I have a small script to test loading parquet data from S3. I wrote the data to S3 using Ray’s write_parquet
function.
src_fs = arrow_fs.S3FileSystem(**vars(source_s3_cfg))
DATASET_PATH = cfg.dataset.s3_from_path
ds = ray.data.read_parquet(paths=DATASET_PATH, filesystem=src_fs)
for batch in ds.iter_torch_batches():
pass
But this leads to the error:
(_fetch_metadata_serialization_wrapper pid=9390) 2022-10-17 10:39:56,188 INFO worker.py:763 -- Task failed with retryable exception: TaskID(ba47b759362fe699ffffffffffffffffffffffff01000000).
(_fetch_metadata_serialization_wrapper pid=9390) Traceback (most recent call last):
(_fetch_metadata_serialization_wrapper pid=9390) File "python/ray/_raylet.pyx", line 859, in ray._raylet.execute_task
(_fetch_metadata_serialization_wrapper pid=9390) File "python/ray/_raylet.pyx", line 863, in ray._raylet.execute_task
(_fetch_metadata_serialization_wrapper pid=9390) File "/home/ray/anaconda3/lib/python3.8/site-packages/ray/data/datasource/parquet_datasource.py", line 410, in _fetch_metadata_serialization_wrapper
(_fetch_metadata_serialization_wrapper pid=9390) return _fetch_metadata(pieces)
(_fetch_metadata_serialization_wrapper pid=9390) File "/home/ray/anaconda3/lib/python3.8/site-packages/ray/data/datasource/parquet_datasource.py", line 419, in _fetch_metadata
(_fetch_metadata_serialization_wrapper pid=9390) piece_metadata.append(p.metadata)

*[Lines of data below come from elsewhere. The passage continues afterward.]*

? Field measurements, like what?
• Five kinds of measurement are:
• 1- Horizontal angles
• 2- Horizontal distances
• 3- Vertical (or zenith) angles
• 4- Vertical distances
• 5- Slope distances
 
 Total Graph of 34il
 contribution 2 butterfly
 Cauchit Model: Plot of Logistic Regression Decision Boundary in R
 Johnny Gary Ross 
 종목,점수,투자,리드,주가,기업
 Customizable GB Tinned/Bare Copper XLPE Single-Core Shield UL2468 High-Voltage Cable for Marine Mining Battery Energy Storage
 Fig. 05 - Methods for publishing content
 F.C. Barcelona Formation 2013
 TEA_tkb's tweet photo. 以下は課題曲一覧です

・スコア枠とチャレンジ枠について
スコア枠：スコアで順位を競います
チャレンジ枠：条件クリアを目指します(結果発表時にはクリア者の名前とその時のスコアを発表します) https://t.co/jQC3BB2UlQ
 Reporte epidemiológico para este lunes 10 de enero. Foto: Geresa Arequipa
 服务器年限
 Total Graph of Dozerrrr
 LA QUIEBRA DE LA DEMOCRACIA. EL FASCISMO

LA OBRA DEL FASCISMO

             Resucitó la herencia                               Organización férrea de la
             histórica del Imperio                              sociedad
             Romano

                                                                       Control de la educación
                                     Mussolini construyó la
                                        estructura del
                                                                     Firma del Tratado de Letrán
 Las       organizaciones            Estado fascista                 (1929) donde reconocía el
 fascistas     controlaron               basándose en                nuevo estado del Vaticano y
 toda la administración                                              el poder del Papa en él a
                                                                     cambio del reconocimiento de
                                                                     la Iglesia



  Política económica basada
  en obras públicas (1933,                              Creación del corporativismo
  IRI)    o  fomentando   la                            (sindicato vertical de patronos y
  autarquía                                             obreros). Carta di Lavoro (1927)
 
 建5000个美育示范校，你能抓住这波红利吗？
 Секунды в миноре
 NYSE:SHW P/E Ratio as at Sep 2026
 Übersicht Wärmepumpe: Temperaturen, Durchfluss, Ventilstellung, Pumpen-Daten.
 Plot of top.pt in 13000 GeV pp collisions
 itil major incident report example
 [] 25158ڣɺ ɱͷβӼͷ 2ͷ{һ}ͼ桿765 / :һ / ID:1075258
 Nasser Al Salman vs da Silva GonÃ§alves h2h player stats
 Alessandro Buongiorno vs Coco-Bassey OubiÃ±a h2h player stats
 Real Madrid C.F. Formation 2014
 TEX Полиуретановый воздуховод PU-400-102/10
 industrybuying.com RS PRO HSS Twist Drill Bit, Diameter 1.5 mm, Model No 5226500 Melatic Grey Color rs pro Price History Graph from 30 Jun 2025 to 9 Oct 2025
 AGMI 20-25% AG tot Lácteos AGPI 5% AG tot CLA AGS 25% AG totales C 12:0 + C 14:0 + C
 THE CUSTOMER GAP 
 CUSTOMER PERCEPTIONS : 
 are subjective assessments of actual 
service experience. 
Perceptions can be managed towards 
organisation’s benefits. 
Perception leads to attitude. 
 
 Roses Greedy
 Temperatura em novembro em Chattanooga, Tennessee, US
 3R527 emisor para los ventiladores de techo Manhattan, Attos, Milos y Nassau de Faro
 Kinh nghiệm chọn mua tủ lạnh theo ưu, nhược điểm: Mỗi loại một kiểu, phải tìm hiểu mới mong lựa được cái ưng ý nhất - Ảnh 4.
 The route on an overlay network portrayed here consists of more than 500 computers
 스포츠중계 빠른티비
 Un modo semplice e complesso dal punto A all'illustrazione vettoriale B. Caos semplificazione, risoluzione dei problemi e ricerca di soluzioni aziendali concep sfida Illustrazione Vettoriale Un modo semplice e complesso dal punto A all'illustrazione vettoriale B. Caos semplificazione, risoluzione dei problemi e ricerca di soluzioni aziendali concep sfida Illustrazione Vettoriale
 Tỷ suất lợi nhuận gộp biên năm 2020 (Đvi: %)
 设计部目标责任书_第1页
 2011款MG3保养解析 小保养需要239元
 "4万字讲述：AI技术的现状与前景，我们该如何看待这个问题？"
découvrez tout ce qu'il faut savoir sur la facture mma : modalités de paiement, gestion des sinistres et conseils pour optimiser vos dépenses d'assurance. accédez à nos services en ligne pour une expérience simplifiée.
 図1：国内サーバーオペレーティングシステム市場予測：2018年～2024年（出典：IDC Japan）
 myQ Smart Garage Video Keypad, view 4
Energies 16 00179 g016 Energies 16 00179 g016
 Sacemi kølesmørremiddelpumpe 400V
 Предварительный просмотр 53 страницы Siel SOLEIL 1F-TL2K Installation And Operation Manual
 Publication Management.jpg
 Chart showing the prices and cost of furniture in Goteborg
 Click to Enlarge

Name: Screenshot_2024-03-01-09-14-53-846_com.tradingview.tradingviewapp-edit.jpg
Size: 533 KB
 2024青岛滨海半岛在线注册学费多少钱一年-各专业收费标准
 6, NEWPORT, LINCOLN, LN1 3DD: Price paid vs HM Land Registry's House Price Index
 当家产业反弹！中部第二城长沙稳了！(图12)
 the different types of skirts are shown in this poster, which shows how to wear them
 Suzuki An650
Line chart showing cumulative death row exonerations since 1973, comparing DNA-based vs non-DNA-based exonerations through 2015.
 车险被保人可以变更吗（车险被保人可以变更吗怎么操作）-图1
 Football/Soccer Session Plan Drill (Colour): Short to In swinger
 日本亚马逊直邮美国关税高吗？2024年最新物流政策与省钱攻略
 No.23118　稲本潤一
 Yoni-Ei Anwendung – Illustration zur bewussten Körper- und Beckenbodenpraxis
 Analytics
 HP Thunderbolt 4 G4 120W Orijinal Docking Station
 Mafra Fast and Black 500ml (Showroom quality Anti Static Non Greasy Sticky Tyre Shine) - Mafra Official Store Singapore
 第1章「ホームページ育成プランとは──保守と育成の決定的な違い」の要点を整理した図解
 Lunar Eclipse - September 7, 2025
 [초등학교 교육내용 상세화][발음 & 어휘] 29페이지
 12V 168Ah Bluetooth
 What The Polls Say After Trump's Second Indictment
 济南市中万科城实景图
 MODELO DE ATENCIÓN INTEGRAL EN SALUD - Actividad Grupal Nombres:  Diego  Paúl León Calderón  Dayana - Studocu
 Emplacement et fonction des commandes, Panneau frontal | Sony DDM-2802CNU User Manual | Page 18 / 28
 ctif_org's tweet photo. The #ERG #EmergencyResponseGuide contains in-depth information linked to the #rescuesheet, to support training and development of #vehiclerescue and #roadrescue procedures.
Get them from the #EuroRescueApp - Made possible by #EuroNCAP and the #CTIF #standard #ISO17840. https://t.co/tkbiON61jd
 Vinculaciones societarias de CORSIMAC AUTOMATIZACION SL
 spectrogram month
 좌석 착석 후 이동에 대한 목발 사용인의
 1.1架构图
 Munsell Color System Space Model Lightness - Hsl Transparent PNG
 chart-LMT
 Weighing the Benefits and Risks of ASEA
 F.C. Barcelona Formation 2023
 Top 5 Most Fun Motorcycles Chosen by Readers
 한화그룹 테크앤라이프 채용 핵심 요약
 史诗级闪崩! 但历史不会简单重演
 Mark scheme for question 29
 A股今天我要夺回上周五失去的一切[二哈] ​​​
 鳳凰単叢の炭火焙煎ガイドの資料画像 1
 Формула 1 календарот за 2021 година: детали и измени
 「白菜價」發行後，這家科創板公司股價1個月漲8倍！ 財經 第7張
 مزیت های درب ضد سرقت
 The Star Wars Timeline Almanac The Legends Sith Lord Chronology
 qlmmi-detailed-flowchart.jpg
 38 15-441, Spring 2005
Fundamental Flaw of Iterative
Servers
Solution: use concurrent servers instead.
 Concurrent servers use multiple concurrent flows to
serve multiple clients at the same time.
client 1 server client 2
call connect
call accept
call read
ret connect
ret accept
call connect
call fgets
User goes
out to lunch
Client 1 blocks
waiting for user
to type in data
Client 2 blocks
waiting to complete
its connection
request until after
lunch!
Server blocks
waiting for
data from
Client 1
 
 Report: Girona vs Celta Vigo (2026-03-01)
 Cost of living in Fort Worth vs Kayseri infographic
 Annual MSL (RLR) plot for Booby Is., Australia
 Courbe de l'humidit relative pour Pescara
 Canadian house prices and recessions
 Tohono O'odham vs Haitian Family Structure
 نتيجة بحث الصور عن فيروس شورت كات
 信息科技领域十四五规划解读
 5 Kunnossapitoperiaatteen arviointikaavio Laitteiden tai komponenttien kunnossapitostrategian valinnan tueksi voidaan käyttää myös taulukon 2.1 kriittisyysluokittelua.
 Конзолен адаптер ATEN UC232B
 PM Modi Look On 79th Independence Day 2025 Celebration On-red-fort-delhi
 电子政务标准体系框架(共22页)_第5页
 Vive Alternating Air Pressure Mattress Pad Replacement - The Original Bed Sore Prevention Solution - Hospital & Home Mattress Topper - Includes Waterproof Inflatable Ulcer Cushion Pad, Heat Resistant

(_fetch_metadata_serialization_wrapper pid=9390) File "pyarrow/_dataset.pyx", line 1315, in pyarrow._dataset.ParquetFileFragment.metadata.__get__
(_fetch_metadata_serialization_wrapper pid=9390) File "pyarrow/_dataset.pyx", line 1304, in pyarrow._dataset.ParquetFileFragment.ensure_complete_metadata
(_fetch_metadata_serialization_wrapper pid=9390) File "pyarrow/error.pxi", line 114, in pyarrow.lib.check_status
(_fetch_metadata_serialization_wrapper pid=9390) OSError: Could not open Parquet input source 'datasets-v2/150GB/61c485076b6c49df85f2fabfe4e2bacb_001466.parquet': AWS Error [code 99]: curlCode: 18, Transferred a partial file
Has anyone experienced this?
If a Ray employee DMs me, happy to provide a reproduction script + the relevant credentials.
But I’m mostly hoping that this is a common error people have encountered before here.